The fact is that after "Dnipro" I was injured, and I did not have money to have an operation in Ukraine. And there was no team at that time, "Dnipro" played in the lowest league at that time. That is why I had the option of having the operation in Crimea, where I live, where my parents are. I did the operation there, but the rehabilitator was not there. I got a call from "Krymteplytsia" and said that they needed a goalkeeper. To help just for training. I said that I will not play in the championship, and they said that the main thing is that you are present. And so, I didn't play a single match, I just trained and recovered.

In 2020 Ponomarenko played in the Central Asia. He spent a season in the 2020 Tajikistan Higher League playing for CSKA Pamir Dushanbe.

During the 2020–21 winter break transfer window, he signed with Bukovyna which played in the 2020–21 Ukrainian Second League (tier 3).
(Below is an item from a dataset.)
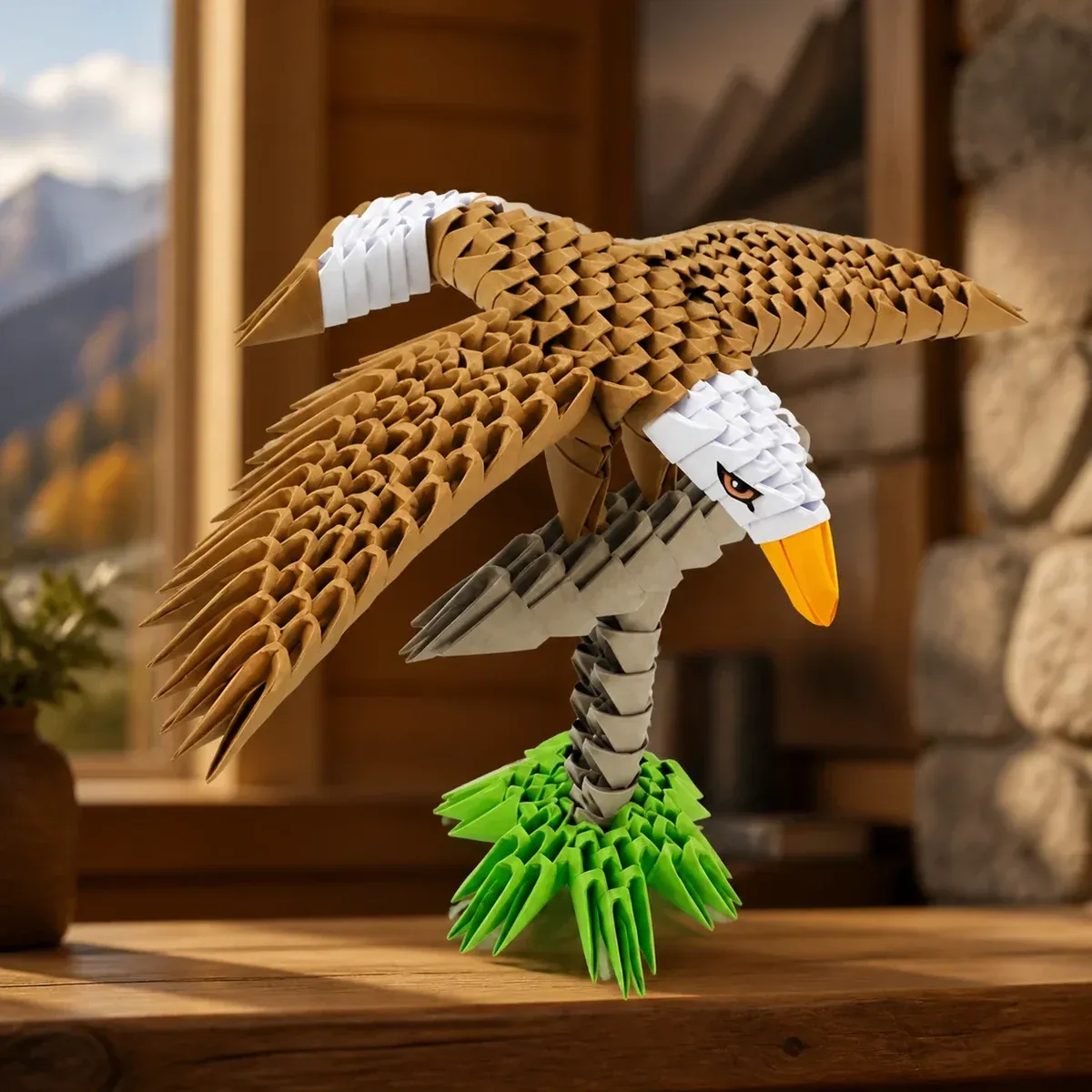 Kit origami 3D aigle aux ailes ouvertes en papier : sculpture en origami 3D, vue 1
In December 2021 he signed with FC Lviv in the Ukrainian Premier League. His contract was termed for 2.5 years. Ponomarenko made his debut in the Ukrainian Premier League on 25 September 2022 in an away match against FC Mynai which FC Lviv won 1:0 while due to ejection were playing a man down during the course of the game. After a little bit more than a year, in February of 2023 he was transferred to Vorskla Poltava.

In July of 2023 he returned to Bukovyna.